Penggunaan obat sebagai terapi—obat-obat anti depresan, stimulant, tranquilizer, atau antipsikotik—untuk menyembuhkan gangguan emosi pada anak-anak merupakan hal yang controversial. Selama decade terakhir ini angka pengobatan antipsikotik diberikan pada anak-anak dan remaja leih dari lima kali lipat (Olfson, Blanco, Liu, Moreno & Laje, 2006). Contohnya dari tahun 1999 hingga 2001 diperkirakan 1 dari 650 anak yang menerima pengobatan anti psikotik, jumlahnya meningkat sebanyak 1 dari 329 anak di tahun 2007 (Olfson, Crytal, Huang & Gerard, 2010). Penelitian yang memadai mengenai efektifitas dan keselamatan penggunaan obat-obatan, terutama pada anak-anak, menunjuka kekurangan.
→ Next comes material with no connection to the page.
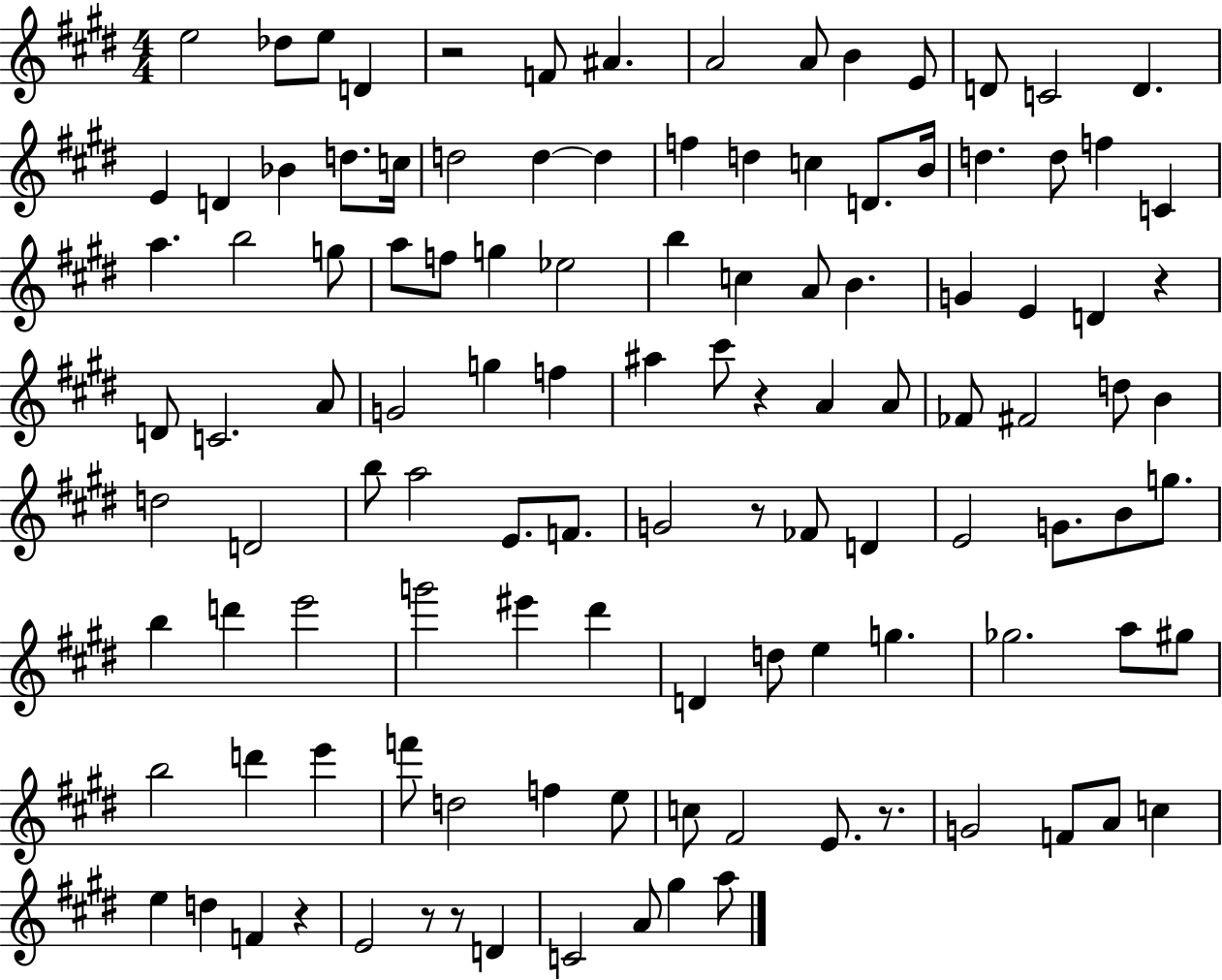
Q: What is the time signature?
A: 4/4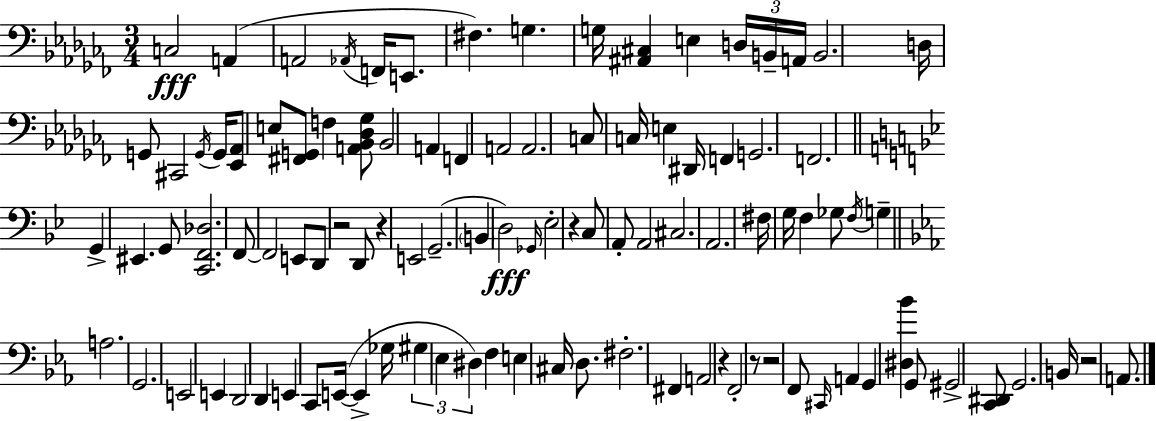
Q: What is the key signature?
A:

Penggunaan selective serotonin reuptake inhibitors (SSRIs) untuk mengobati gangguan obesif komplusif, depresi, dan kecemasan meningkat secara cepat di tahun 1990-an (Leslie dkk., 2005), tetapi sejak ada kekeliruan sebesar 20 persen (Daly, 2005). Beberapa studi menunjukan risiko yang moderat munculnya pikiran bunuh diri dan perilaku untuk anak-anak dan remaja kerika memakai antidepresan, yang lain menunjukan tidak adanya risiko penambahan yang signifikan (Hammad, Laughren, & Racoosin, 2006; Simon, Savarino, Operkalksi, & Wang, 2006). Atau mengurangi resikonya (Simon, 2006). Sebanyak 27 analisis acak, studi control placebo menemukan bahwa keuntungan penggunaan obat anti depresan pada anak-anak dan remaja melebihi resikonya (Bridge dkk., 2007). Penggunaan obat-obatan antidepresan untuk remaja selanjutnya akan dibahwas di Bab 11).

Sumber

Papalia, Diane E., Feldman, Ruth Duskin. 2014. Menyelami   Perkembangan Manusia. Jakarta : Salemba Humanika.